Doch unabhängig davon, wie sich Der große Tote letztlich entwickeln wird – Loisel, der beim Internationalen Comicfestival von Angoulême zwei Mal (1991 und 1995) den Alph-Art du public (für das erste bzw. dritte Album von Peter Pan) und 1992 (wiederum für Peter Pan) beim Comic-Salon Erlangen den Max-und-Moritz-Preis gewonnen hat und der 2003 schließlich mit dem Grand Prix de la Ville d’Angoulême – dem wichtigsten französischen Comicpreis – ausgezeichnet wurde, hat seinen Platz im Pantheon der großen phantastischen Comickünstler und Erzähler seit dem Abschluss von Peter Pan längst sicher …

* – interessanterweise konnte auch Serge Le Tendre erst vor kurzem einen runden Geburtstag feiern – er wurde am 01. Dezember 70 Jahre alt.
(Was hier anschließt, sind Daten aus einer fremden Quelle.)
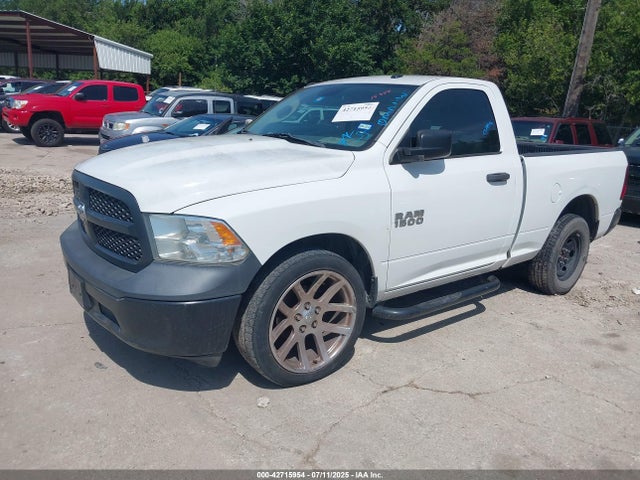 3C6JR6AG3EG153278 RAM 2014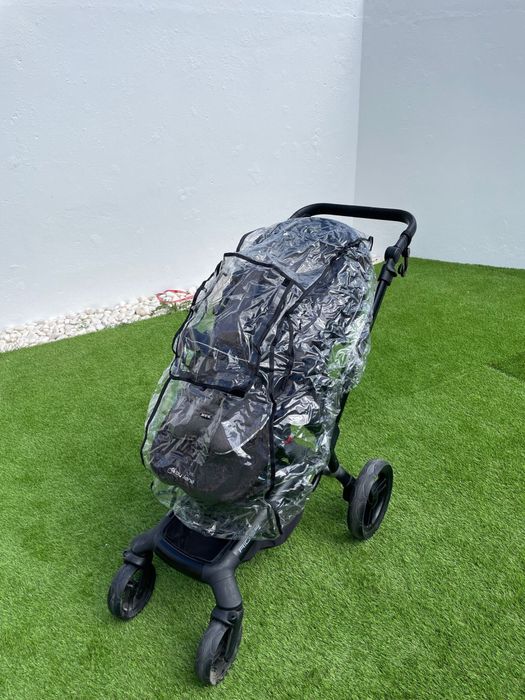 Carrinho de bebe Jane rider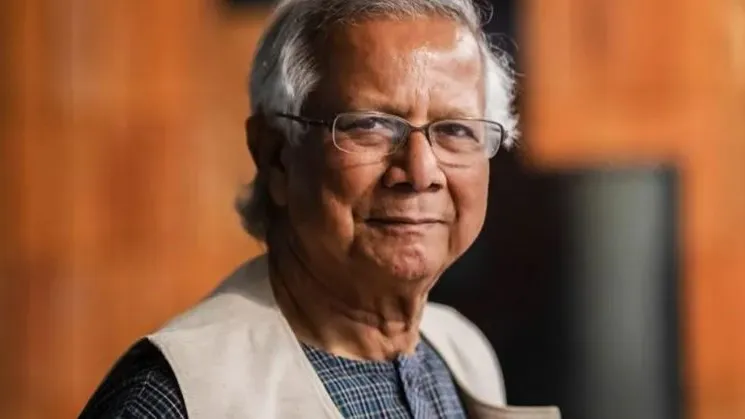 জাপানি প্রধানমন্ত্রীর সাথে বৈঠকের অপেক্ষায় প্রধান উপদেষ্টা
** – diese Aussage bezieht sich explizit auf Fantasycomics, denn z.B. die Arbeiten eines Marc-Antoine Mathieu reizen die Möglichkeiten des Mediums noch wesentlich weiter aus.
*** – die Entwicklungs- und Publikationsgeschichte von J.M. Barries Peter Pan ist zu komplex, um sie hier als Fußnote abzuhandeln; bei Interesse empfiehlt sich ein Blick in die deutsche oder englische Wikipedia.
° – sich mit einem oder mehreren Kollegen ein Atelier zu teilen, hat bei Loisel Tradition, die er bereits in Paris begonnen hatte und auch während seiner Zeit in der Bretagne (Ende der 80er bis Anfang der 00er Jahre) fortgeführt hat.